Martine Stewart, with the Women’s Equality Branch of the Government of New Brunswick, presented the work of the New Brunswick Working Group on Human Trafficking. The group aims to raise awareness among service providers and the public, as well as look at best practices when it comes to supporting service providers and helping victims.

Stephanie MacInnis-Langley, Executive Director of the Nova Scotia Status of Women office, led a presentation about the NS Status of Women office’s work on sex trafficking, which includes the establishment of a Child Sexual Exploitation Discussion Table.

The discussion table is looking at how the province can address the issue of sexually exploited youth. The work of the discussion table highlighted the need for a coordinated response, particularly when it comes to helping young people.

Lack of data, evidence

One of the challenges for both service providers and policy makers is the lack of data collection on sex trafficking cases and evidence on strategies that work. The Canadian Women’s Foundation aims to help fill the information gap by funding anti-trafficking programs.

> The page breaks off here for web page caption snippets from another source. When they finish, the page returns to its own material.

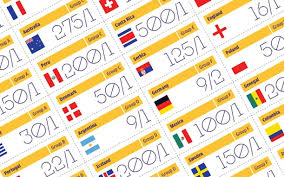 World Cup 2018 Sweepstake Kit Download Free For The Tournament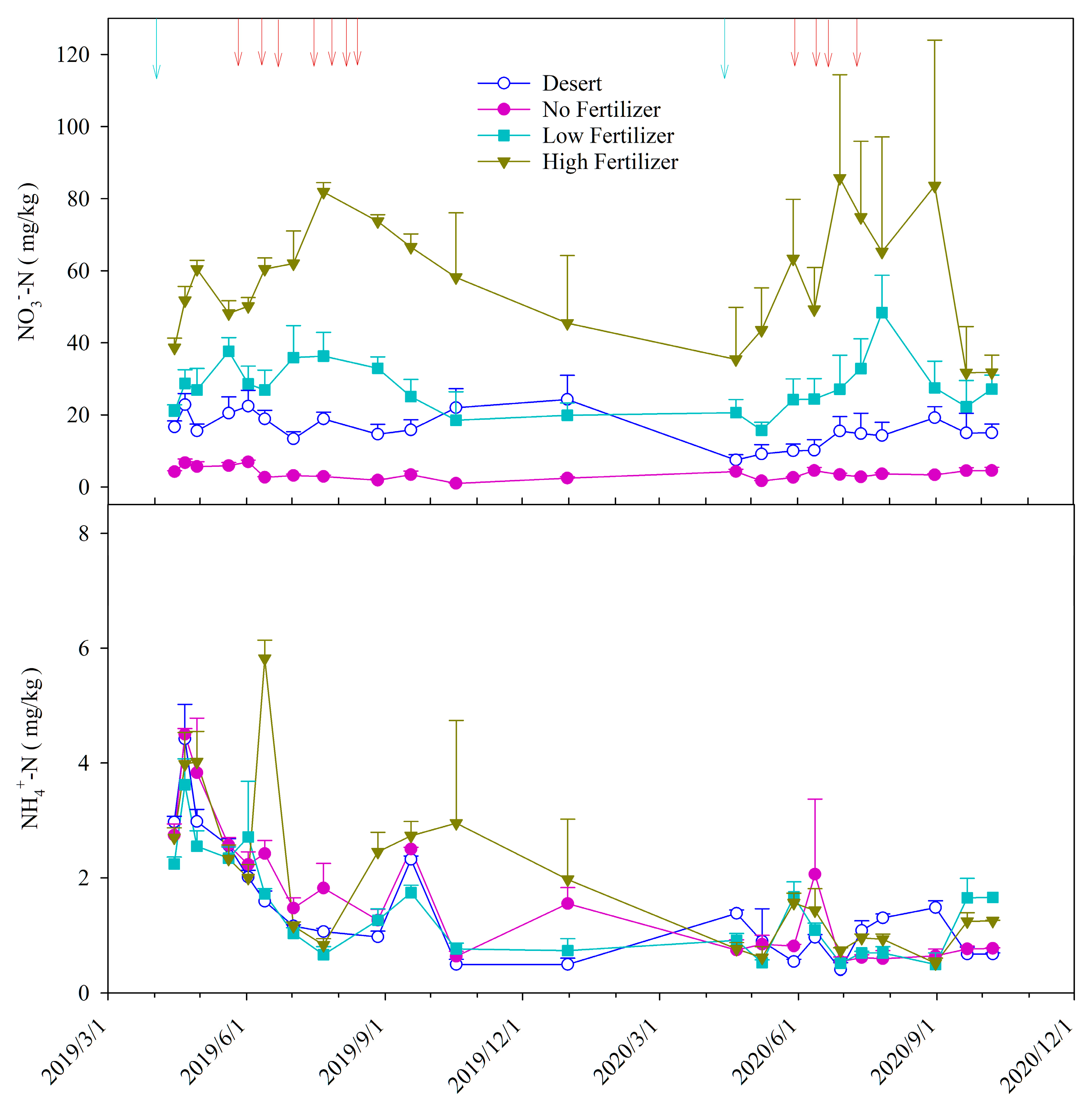 Atmosphere 13 01897 g003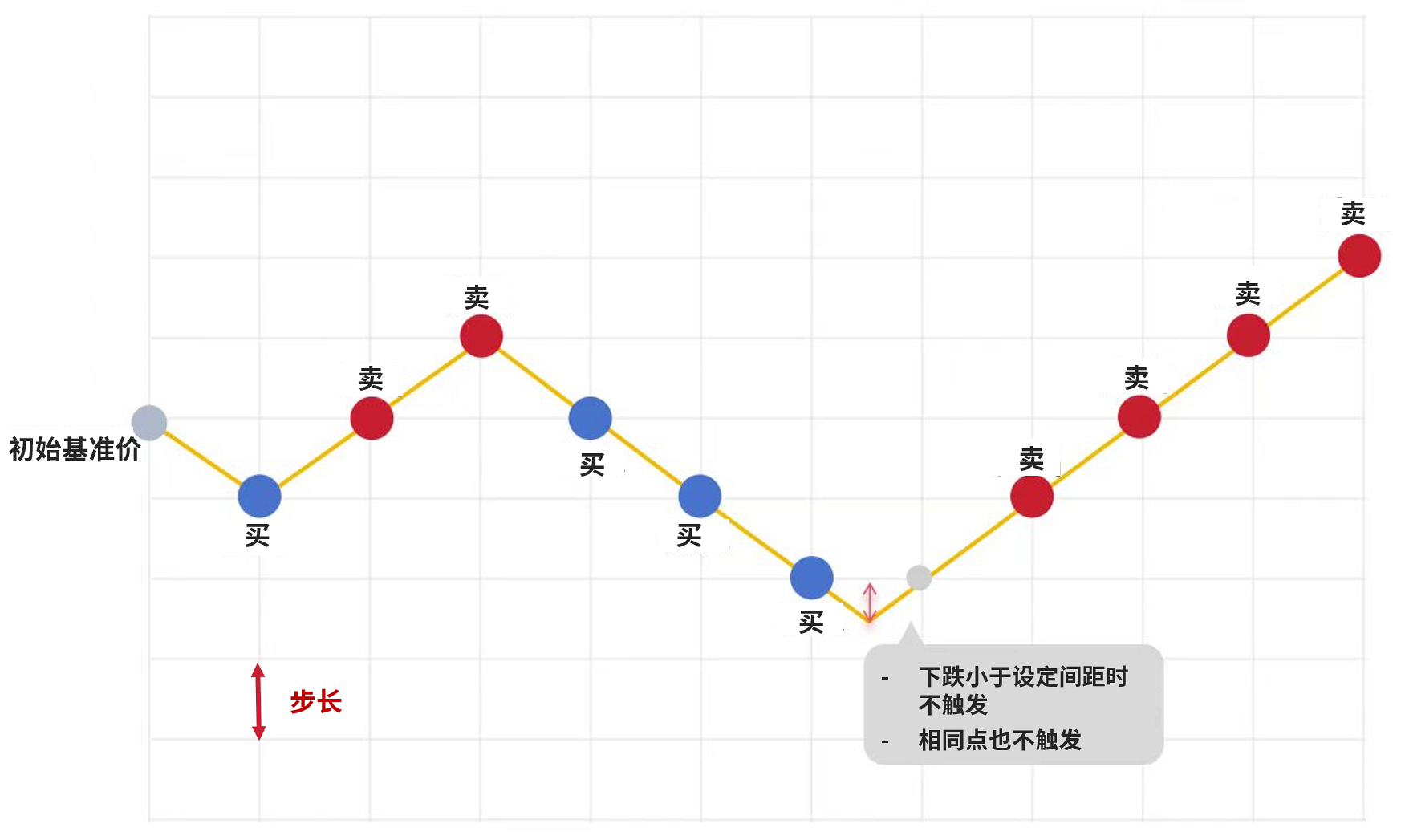 图3.png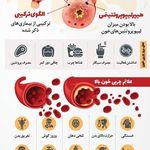 عطاری و گیاهان دارویی کیمیا(طب سنتی)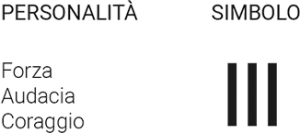 anniversario brand idea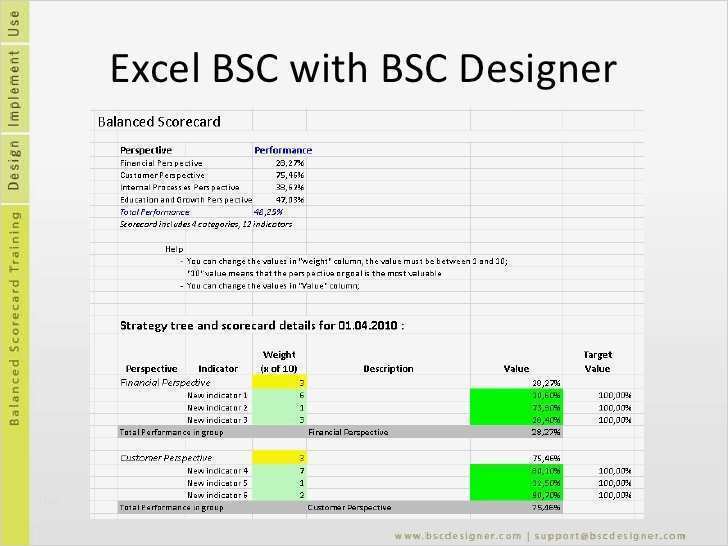 Balanced Scorecard Vorlage Gratis Süß Balanced Scorecard Excel Template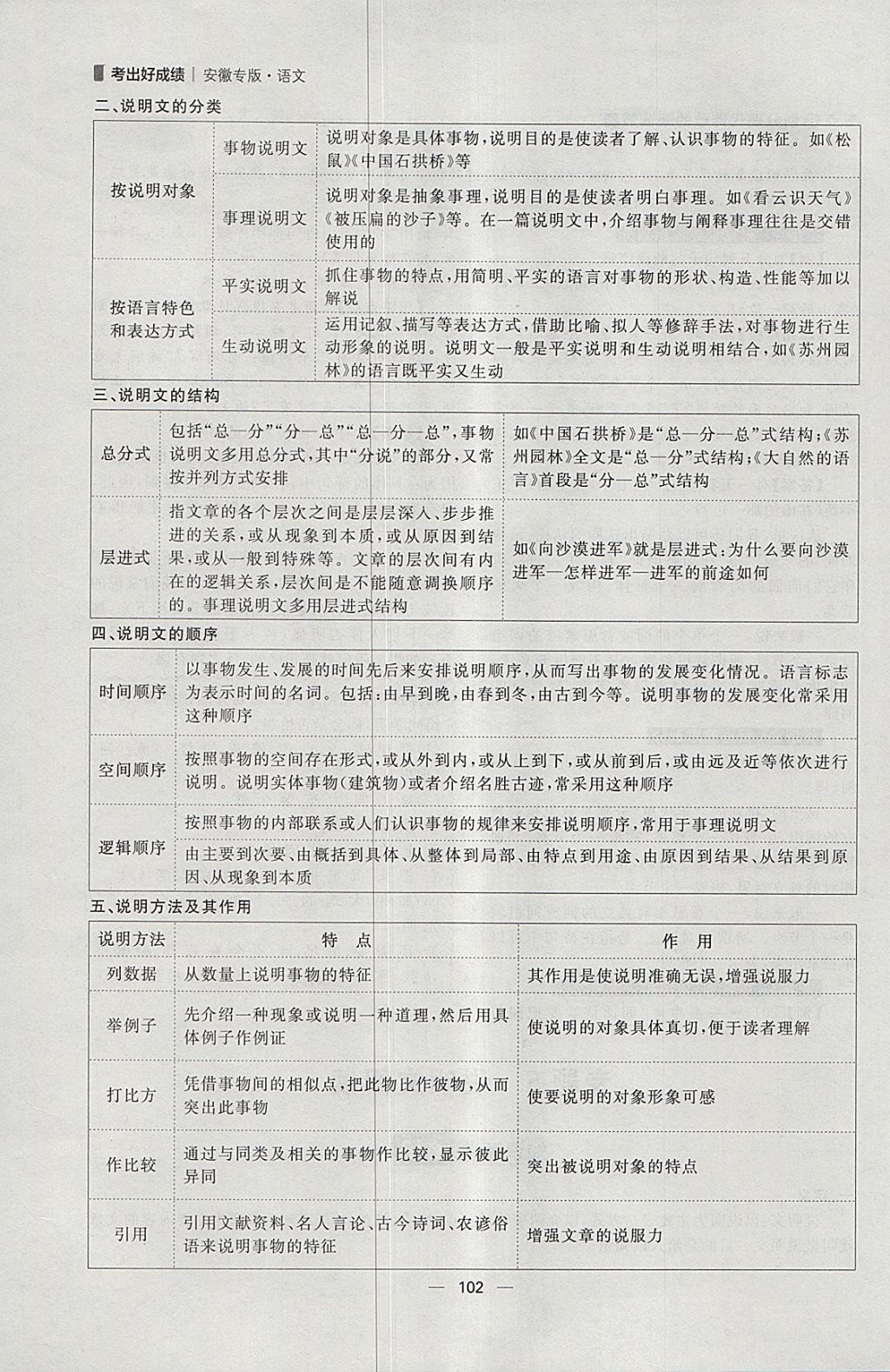 2018年康華傳媒考出好成績安徽中考語文 參考答案第195頁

As the grantees move forward with their programs from 2016-2020, their work will help establish informed strategies for prevention and rebuilding lives.

“Being able to fund the programs that are having the most significant impact all across Canada and share that information with the sector is central to our strategy,” says Anuradha Dugal, the Foundation’s Director of Violence Prevention. “We want to fund the programs that help women and girls build the capacity to stop trafficking.”

In the meantime, the Foundation is planning a fall regional roundtable in Manitoba.

“The connections made and information shared at the Halifax roundtable were invaluable,” said Barbara Gosse, the Foundation’s Senior Director of Research, Policy and Innovation. “We need to understand the complexities of this horrific crime, and who better to teach us than survivors and those working to combat this human rights abuse from the front lines. Together we can put an end sex trafficking in Canada.”